§ ACTION ITEM
Copy out, unchanged, every line from the start of the records to the line that contains "2019-2025 Chevrolet Silverado", and stop there.

[Dataset items]
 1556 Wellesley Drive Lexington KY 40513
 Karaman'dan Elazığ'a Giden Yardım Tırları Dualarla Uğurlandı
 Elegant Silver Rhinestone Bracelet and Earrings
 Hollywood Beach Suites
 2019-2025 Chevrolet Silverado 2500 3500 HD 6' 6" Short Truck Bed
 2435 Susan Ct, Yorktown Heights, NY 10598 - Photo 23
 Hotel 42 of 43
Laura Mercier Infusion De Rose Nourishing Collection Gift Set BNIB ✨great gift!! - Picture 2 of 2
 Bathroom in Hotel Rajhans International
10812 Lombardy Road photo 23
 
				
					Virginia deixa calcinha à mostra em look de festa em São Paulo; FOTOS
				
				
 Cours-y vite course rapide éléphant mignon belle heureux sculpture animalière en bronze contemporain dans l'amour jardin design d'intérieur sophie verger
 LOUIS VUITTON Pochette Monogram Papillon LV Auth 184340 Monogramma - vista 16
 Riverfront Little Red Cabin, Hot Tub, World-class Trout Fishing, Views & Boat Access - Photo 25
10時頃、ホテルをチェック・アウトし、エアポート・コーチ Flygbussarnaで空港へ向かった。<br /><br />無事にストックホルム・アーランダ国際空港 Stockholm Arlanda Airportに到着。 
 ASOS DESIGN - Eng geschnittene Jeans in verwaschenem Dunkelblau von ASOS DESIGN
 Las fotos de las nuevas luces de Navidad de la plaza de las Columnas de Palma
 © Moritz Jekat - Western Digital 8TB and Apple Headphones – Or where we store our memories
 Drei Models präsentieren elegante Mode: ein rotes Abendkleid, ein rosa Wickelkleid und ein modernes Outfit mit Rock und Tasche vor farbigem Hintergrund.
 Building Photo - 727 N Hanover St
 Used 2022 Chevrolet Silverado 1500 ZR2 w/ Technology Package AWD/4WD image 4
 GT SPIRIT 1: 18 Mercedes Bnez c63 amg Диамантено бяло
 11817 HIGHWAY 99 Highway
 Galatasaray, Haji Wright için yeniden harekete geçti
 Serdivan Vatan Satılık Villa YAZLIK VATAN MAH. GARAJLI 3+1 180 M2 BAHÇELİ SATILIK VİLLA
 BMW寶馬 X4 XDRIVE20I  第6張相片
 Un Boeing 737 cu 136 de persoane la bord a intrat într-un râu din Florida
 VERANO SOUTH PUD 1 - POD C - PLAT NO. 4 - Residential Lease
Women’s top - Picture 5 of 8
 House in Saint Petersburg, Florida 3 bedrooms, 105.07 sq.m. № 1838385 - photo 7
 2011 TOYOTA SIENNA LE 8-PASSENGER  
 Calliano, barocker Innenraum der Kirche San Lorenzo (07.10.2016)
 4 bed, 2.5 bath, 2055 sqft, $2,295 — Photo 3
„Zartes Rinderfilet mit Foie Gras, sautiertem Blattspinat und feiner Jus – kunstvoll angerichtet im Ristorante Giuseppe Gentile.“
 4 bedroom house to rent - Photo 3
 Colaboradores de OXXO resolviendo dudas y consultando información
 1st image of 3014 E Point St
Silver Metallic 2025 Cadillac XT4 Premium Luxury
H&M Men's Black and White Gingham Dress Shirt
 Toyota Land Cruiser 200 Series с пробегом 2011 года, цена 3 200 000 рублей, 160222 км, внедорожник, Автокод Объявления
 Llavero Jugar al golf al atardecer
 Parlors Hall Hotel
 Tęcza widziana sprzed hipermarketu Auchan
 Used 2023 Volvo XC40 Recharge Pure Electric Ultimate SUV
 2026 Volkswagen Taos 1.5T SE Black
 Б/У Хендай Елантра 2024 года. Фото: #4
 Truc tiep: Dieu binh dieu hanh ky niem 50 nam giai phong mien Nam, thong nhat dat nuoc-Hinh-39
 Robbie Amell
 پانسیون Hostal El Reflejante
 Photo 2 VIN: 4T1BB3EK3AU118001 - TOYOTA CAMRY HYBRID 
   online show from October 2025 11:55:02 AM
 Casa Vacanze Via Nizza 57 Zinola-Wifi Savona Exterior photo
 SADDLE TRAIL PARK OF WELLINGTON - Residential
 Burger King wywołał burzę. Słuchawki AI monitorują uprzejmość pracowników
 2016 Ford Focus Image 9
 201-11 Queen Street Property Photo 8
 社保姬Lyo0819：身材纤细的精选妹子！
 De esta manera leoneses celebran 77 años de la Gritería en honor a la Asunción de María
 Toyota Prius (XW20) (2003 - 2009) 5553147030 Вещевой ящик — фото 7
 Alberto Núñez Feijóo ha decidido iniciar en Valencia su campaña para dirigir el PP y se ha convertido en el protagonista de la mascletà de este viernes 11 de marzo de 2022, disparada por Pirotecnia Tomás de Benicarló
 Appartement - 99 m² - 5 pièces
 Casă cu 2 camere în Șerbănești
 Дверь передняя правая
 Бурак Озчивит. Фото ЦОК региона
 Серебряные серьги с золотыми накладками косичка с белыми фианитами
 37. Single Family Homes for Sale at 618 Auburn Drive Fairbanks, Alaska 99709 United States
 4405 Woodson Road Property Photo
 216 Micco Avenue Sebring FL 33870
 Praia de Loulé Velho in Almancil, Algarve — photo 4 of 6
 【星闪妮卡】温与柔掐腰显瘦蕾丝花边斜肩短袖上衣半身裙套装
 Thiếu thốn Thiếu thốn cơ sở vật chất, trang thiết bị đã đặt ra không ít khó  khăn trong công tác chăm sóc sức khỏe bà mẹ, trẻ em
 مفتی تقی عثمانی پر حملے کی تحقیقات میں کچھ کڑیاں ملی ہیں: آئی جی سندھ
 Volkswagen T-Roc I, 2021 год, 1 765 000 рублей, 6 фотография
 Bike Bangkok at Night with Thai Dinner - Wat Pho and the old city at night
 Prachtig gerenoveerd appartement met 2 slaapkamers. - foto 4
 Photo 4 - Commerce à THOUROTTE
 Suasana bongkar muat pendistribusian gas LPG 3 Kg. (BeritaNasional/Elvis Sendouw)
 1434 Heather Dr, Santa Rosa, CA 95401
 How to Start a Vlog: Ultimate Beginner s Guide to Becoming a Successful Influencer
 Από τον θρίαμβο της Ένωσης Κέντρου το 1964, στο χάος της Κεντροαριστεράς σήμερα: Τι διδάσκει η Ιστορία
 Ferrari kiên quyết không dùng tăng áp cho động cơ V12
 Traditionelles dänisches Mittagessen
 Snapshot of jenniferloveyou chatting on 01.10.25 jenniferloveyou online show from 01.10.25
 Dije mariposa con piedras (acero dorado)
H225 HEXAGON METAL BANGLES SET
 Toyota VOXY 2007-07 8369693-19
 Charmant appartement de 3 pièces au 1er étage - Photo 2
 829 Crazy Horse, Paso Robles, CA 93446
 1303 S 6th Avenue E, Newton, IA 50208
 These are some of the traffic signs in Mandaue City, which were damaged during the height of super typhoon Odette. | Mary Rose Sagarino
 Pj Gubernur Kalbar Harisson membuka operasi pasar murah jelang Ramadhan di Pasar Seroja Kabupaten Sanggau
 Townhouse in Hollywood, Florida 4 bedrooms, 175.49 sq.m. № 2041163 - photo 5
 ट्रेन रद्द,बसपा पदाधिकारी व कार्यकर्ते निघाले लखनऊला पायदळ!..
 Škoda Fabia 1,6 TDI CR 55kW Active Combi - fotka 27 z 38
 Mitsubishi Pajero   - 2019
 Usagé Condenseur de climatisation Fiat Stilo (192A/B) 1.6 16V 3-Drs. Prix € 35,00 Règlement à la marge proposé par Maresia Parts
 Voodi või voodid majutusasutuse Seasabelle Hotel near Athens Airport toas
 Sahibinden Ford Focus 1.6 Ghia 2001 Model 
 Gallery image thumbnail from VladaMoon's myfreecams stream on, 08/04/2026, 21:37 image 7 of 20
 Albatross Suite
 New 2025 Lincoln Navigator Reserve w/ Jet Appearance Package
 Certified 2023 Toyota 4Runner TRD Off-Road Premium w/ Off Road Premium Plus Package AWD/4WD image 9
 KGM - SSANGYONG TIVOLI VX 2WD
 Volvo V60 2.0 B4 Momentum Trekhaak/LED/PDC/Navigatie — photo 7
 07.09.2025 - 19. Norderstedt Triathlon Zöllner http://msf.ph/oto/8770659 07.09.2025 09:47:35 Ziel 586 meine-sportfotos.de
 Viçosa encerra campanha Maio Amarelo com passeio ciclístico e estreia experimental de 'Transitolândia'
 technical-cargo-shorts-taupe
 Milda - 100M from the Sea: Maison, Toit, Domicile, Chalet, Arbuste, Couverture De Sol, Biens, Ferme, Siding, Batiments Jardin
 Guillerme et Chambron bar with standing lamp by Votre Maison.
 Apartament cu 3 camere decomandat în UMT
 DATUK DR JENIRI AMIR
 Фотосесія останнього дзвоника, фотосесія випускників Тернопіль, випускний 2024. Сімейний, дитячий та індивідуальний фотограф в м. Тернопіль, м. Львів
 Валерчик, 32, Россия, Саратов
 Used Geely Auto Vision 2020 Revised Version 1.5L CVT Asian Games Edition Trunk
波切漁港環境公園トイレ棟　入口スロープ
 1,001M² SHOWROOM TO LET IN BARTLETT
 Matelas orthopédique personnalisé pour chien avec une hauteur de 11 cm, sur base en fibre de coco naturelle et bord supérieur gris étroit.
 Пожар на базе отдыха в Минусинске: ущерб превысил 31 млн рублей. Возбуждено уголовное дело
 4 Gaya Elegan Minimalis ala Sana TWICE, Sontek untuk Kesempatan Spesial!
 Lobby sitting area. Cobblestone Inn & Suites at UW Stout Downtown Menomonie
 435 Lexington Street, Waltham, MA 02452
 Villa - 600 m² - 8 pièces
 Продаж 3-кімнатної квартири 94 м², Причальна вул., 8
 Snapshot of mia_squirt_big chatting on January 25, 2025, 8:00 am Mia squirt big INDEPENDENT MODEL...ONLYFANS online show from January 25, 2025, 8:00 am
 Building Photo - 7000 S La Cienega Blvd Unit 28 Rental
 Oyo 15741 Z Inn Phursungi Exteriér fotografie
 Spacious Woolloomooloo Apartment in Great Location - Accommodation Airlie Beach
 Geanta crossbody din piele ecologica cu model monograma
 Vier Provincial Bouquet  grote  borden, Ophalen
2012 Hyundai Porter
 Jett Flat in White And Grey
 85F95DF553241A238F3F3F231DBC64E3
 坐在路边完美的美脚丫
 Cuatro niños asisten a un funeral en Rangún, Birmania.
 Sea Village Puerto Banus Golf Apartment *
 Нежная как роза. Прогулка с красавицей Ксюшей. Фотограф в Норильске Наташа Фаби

§ RESULT
 1556 Wellesley Drive Lexington KY 40513
 Karaman'dan Elazığ'a Giden Yardım Tırları Dualarla Uğurlandı
 Elegant Silver Rhinestone Bracelet and Earrings
 Hollywood Beach Suites
 2019-2025 Chevrolet Silverado 2500 3500 HD 6' 6" Short Truck Bed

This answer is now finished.